Question about query optimization

Started by Nonameover 19 years ago5 messagesgeneral

Matthias.Pitzl@izb.de

over 19 years ago

Hello!

I have to tables, component with unchanging component data and a
component_history table containing the history of some other values that can
change in time.
The table component_history holds a foreign key to the component_id column
in the component table.

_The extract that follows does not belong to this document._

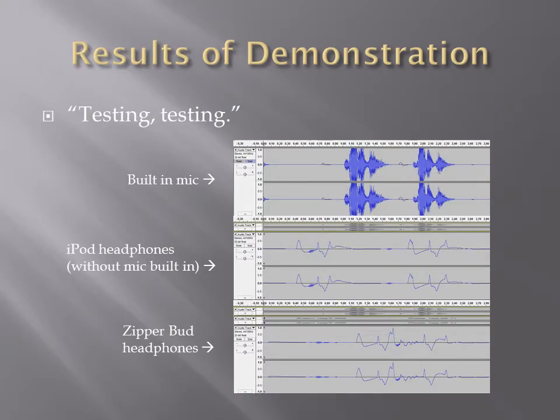These are the results of the demonstrations you've seen. As we can see, the audio samples from the built-in microphone are very strong. The audio samples from the iPod and the ZipperBuds headphones both came in weak, but they have distinguishable inputs. That is all for my project presentation. No headphones were destroyed in the making of this video.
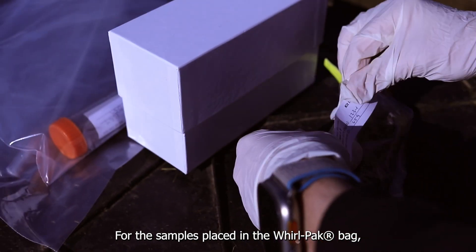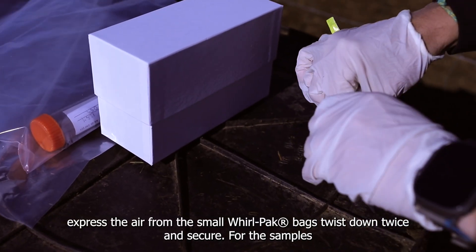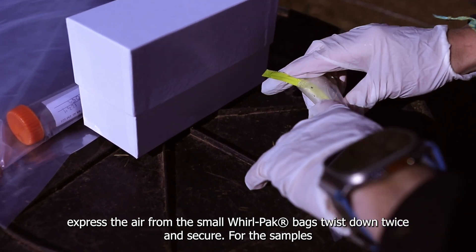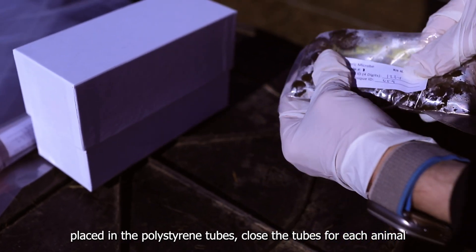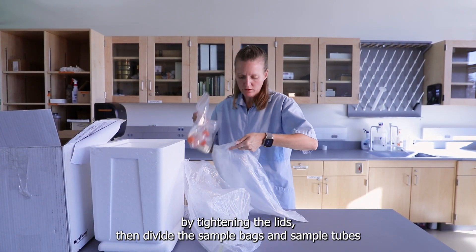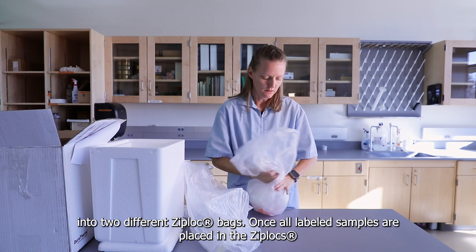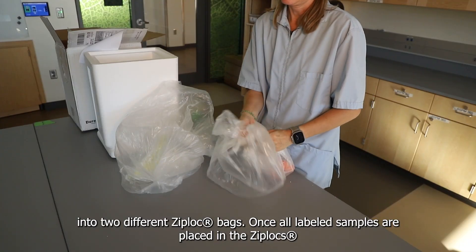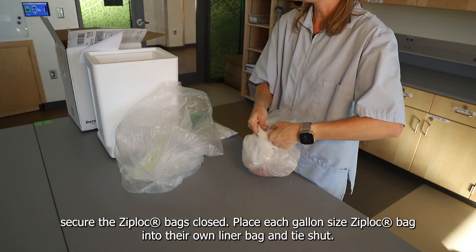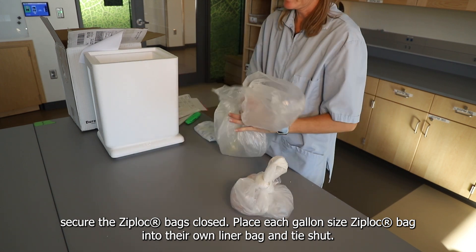For the samples placed in the Whirlpack bags, express the air from the small Whirlpack bags, twist down twice, and secure. For the samples placed in the polystyrene tubes, close the tubes for each animal by tightening the lids. Then divide the sample bags and sample tubes into two different Ziploc bags. Once all labeled samples are placed in the Ziplocs, secure the Ziploc bags closed.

The table component_history has a primary key over
the columns component_id and history_timestamp.

Now, we often need to get the situation at a given time out of these tables
and at moment we use following query:

--------------------------------------------------------
SELECT * FROM component JOIN component_history AS c_h USING(component_id)
WHERE history_timestamp = (
SELECT history_timestamp FROM component_history
WHERE c_h.component_id = component_history.component_id AND
history_timestamp <= '2006-10-01'
ORDER BY history_timestamp DESC LIMIT 1
)
--------------------------------------------------------

The query gets executed like this:
--------------------------------------------------------
Hash Join (cost=32540.55..32665.07 rows=32 width=78) (actual
time=118.958..136.416 rows=4160 loops=1)
Hash Cond: ("outer".component_id = "inner".component_id)
-> Seq Scan on component (cost=0.00..71.31 rows=4231 width=19) (actual
time=0.004..3.685 rows=4231 loops=1)
-> Hash (cost=32540.47..32540.47 rows=32 width=63) (actual
time=118.165..118.165 rows=0 loops=1)
-> Seq Scan on component_history c_h (cost=0.00..32540.47 rows=32
width=63) (actual time=0.092..111.985 rows=4160 loops=1)
Filter: (history_timestamp = (subplan))
SubPlan
-> Limit (cost=6.27..6.28 rows=1 width=8) (actual
time=0.016..0.017 rows=1 loops=5165)
-> Sort (cost=6.27..6.28 rows=2 width=8) (actual
time=0.014..0.014 rows=1 loops=5165)
Sort Key: history_timestamp
-> Index Scan using component_history_pkey on
component_history (cost=0.00..6.26 rows=2 width=8) (actual
time=0.007..0.009 rows=1 loops=5165)
Index Cond: (($0 = component_id) AND
(history_timestamp <= '01.10.2006 00:00:00'::timestamp without time zone))
Total runtime: 139.044 ms
--------------------------------------------------------

Is there any other, and more performat way, to get the last history entry
for a given date than this query?
Queries of this kind are often used in our application and getting a more
performant solution would speed up things a lot.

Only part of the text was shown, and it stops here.